■ Task ■
Among the lines below, the one containing "Baby Meal Plan" opens the range and the one containing "Missoni Kids' Glitter-logo T-shirt In White" closes it. Print that range exactly, without the pictures.

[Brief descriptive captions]

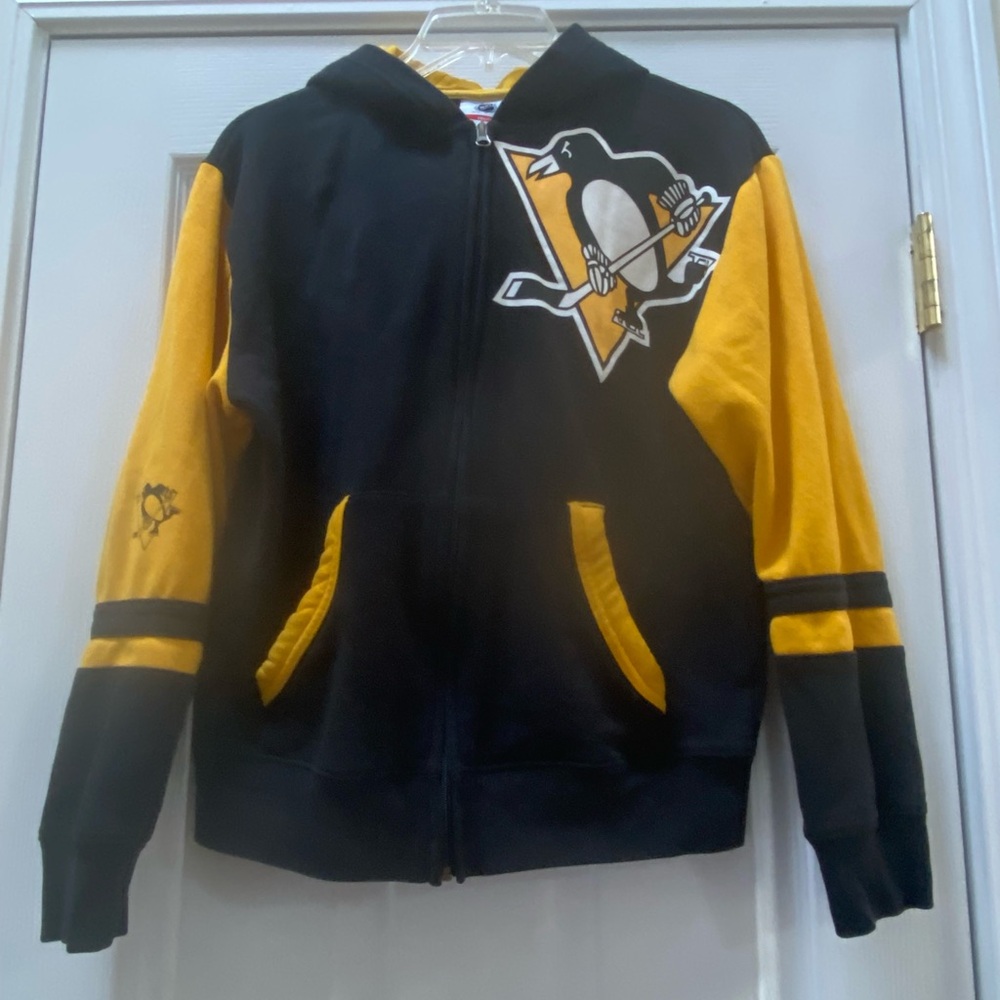 NHL Apparel Pittsburgh Penguins Full Zip Hoodie Jacket Youth Large (14-16)
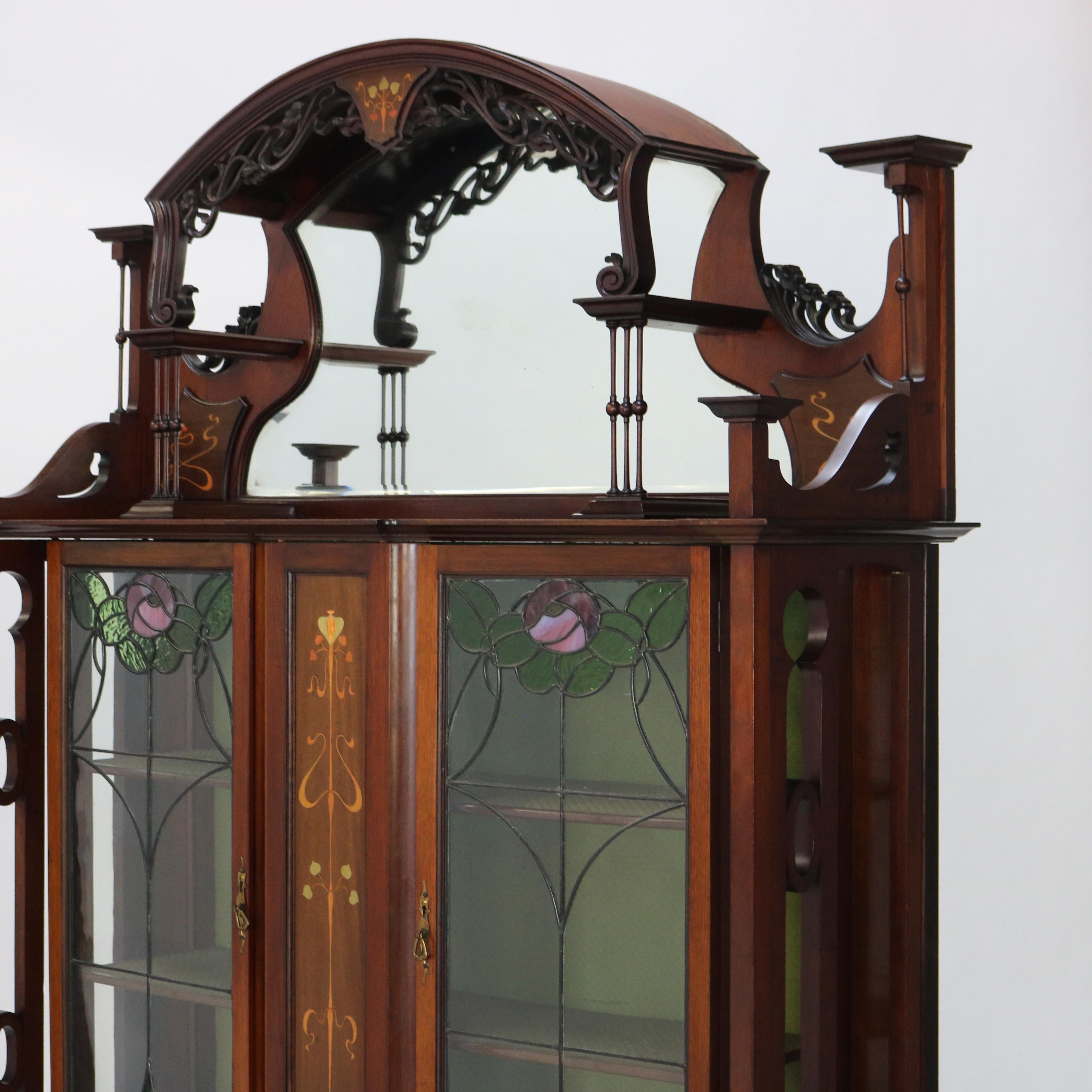 Antike Liberty & Co. Arts and Crafts-Schrank aus geschnitztem Mahagoni und Intarsien aus China, um 1910 im Angebot 1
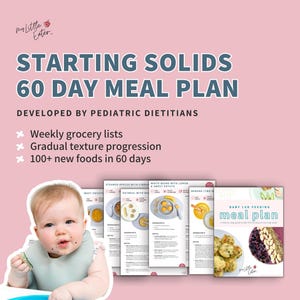 Baby Meal Plan for Baby Led Weaning or Purees, Recipes for 6 Months+, Allergen Introduction, Grocery Lists, Gradual Texture Progression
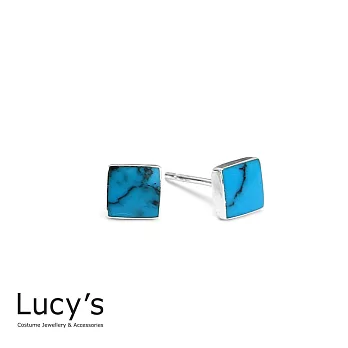 Lucy’s 925純銀歐美土耳其寶石方形貼耳耳環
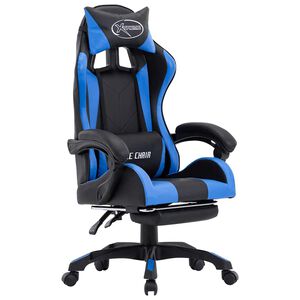 vidaXL Racing stol z oporo za noge modro in črno umetno usnje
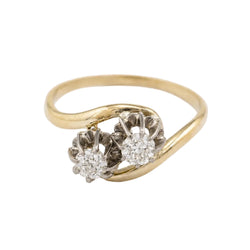 Bague Toi & Moi en or blanc, or jaune et diamants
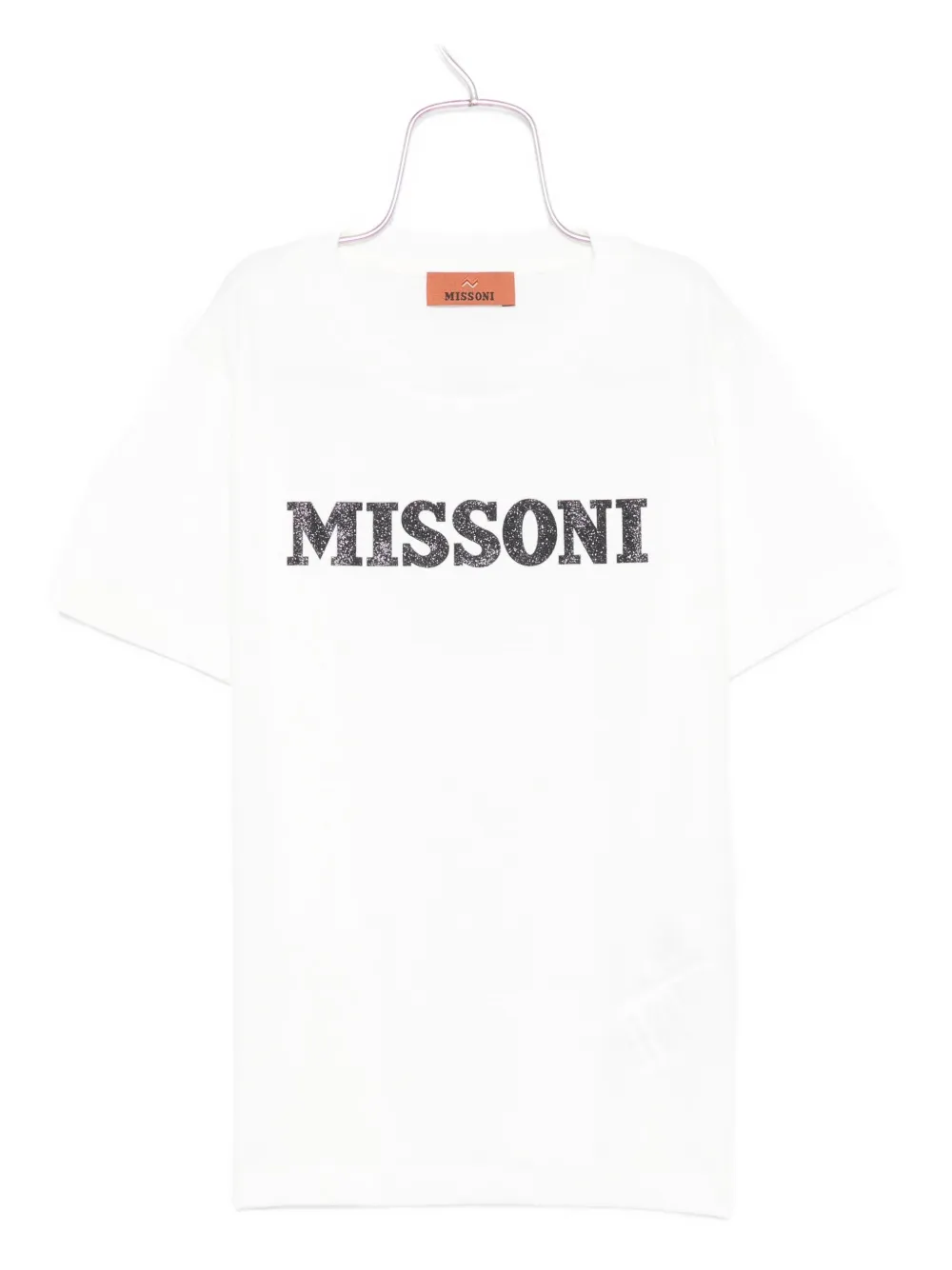 Missoni Kids' Glitter-logo T-shirt In White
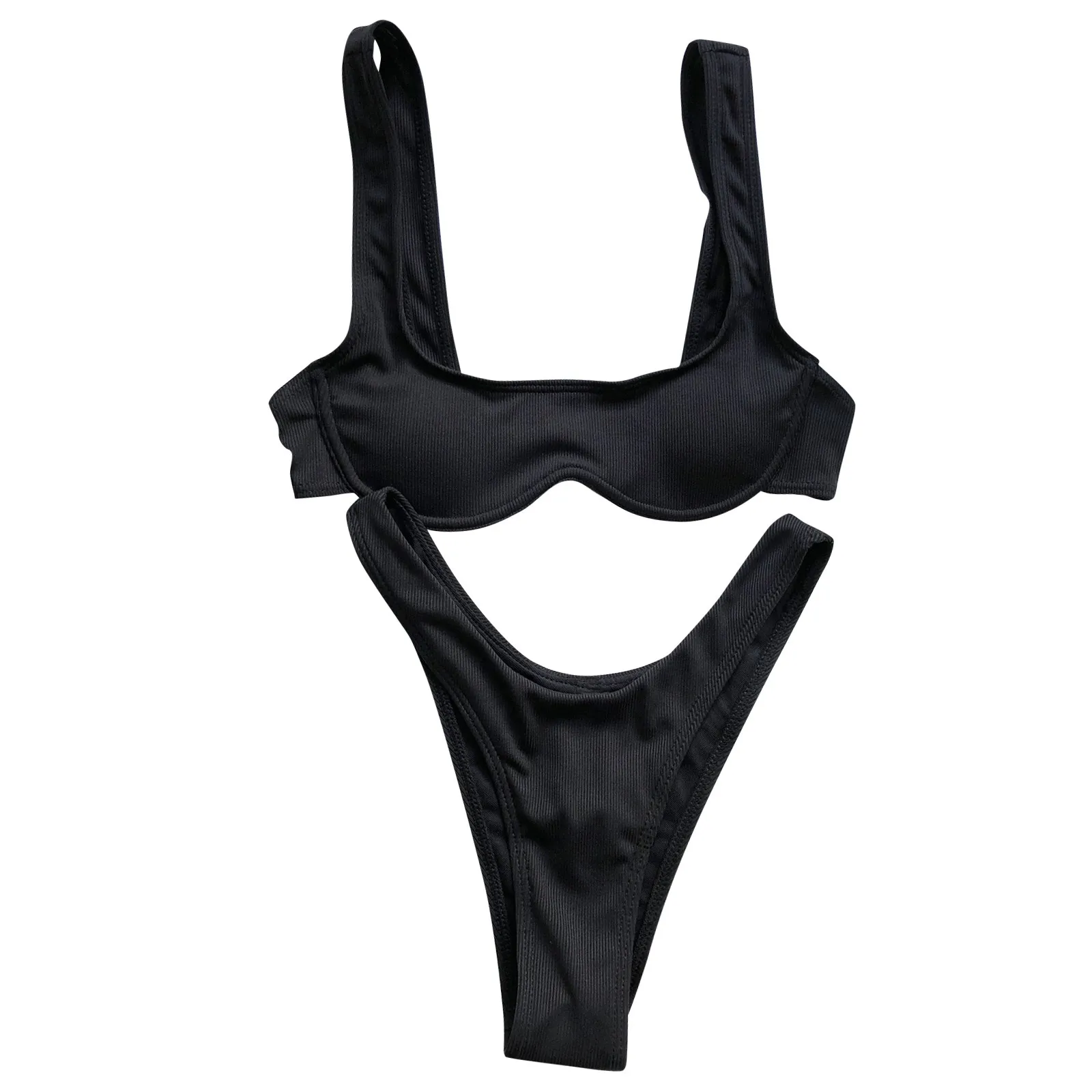

Swimwear Solid Two Bikini Bra Swimsuit Filled Set Beachwear Women's Piece Swimwears Tankinis Set Swimwears brazilian panties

■ Task result ■
 Baby Meal Plan for Baby Led Weaning or Purees, Recipes for 6 Months+, Allergen Introduction, Grocery Lists, Gradual Texture Progression
 Lucy’s 925純銀歐美土耳其寶石方形貼耳耳環
 vidaXL Racing stol z oporo za noge modro in črno umetno usnje
 Bague Toi & Moi en or blanc, or jaune et diamants
 Missoni Kids' Glitter-logo T-shirt In White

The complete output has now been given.